# [What the exercise asks]
Here the job is to print all of the entries below verbatim and leave out any picture.

# [Records to process]
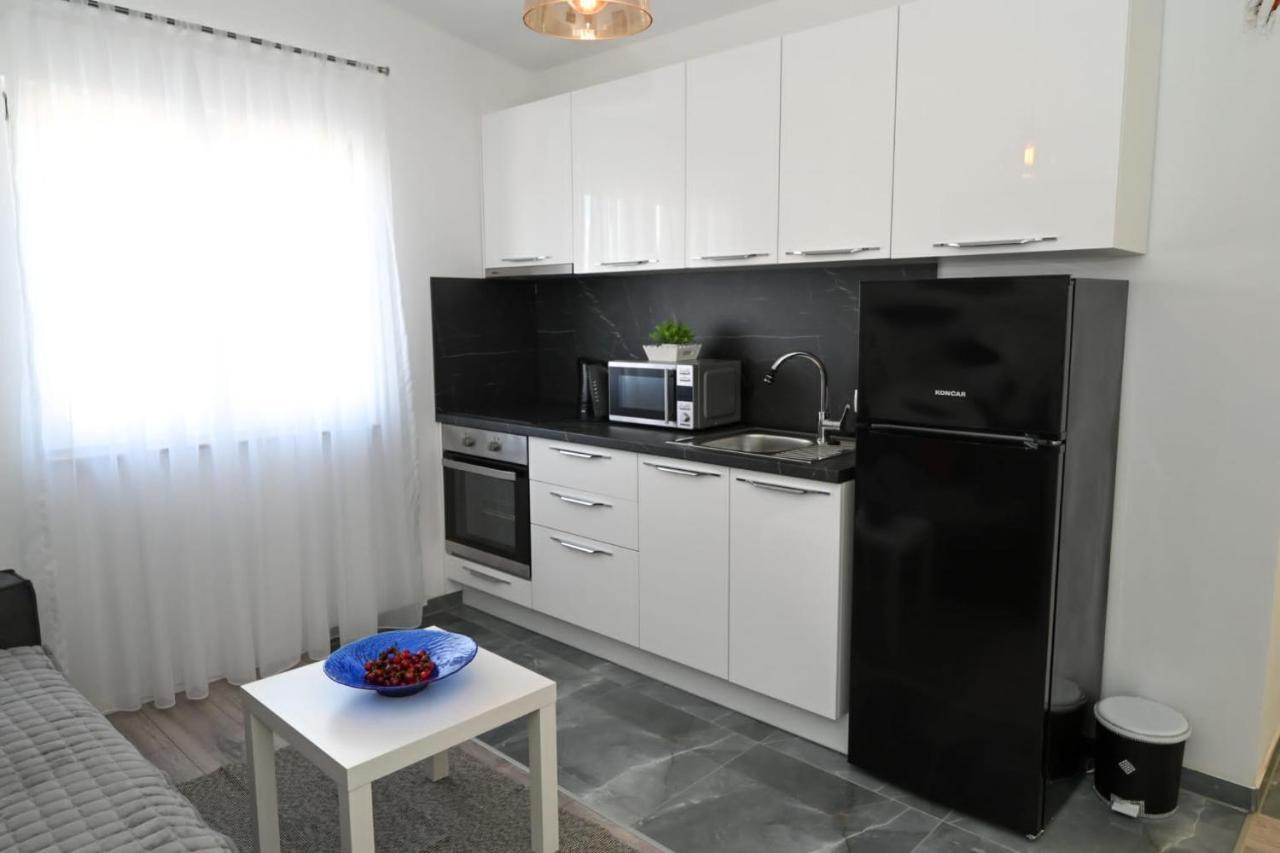 Apartments Astoria Вир Екстериор снимка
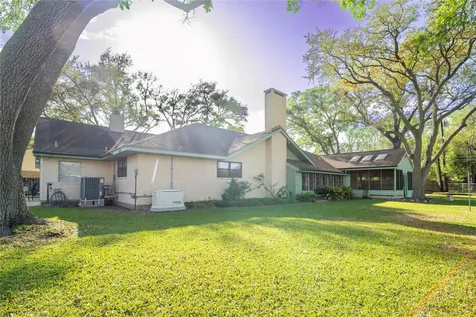 1716 Tara Circle Texas City TX 77591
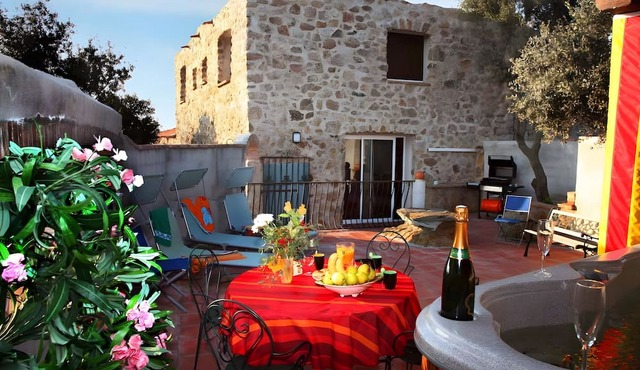 Tour Catalane – Authentic Catalan Mas with Panoramic Views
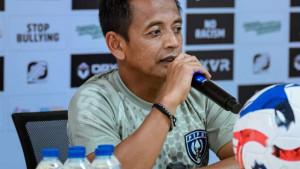 Pelatih-PSPS-Pekanbaru-Ilham-Romadhona-saat-konferensi-pers-jelang-lawan-Garudayaksa-FC.jpg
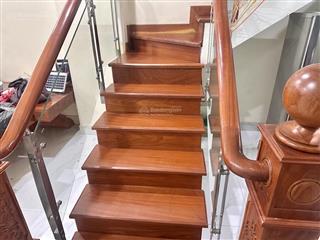 Bán nhà 4 tầng, khu vip trường thọ, cạnh chợ thủ đức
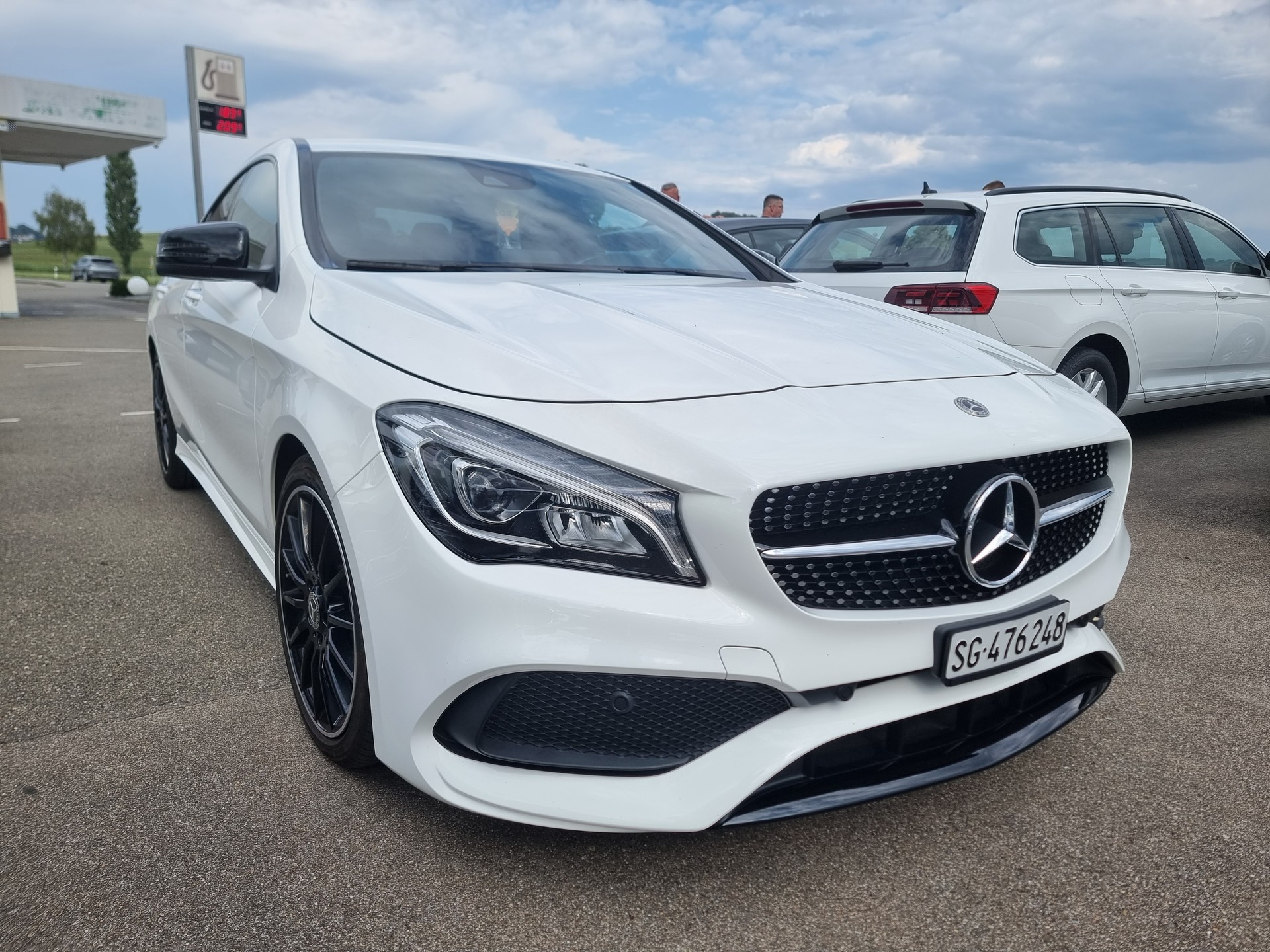 MERCEDES-BENZ CLA 250 AMG Line 7G-DCT 4Matic-image-0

# [The answer]
 Apartments Astoria Вир Екстериор снимка
 1716 Tara Circle Texas City TX 77591
 Tour Catalane – Authentic Catalan Mas with Panoramic Views
 Pelatih-PSPS-Pekanbaru-Ilham-Romadhona-saat-konferensi-pers-jelang-lawan-Garudayaksa-FC.jpg
 Bán nhà 4 tầng, khu vip trường thọ, cạnh chợ thủ đức
 MERCEDES-BENZ CLA 250 AMG Line 7G-DCT 4Matic-image-0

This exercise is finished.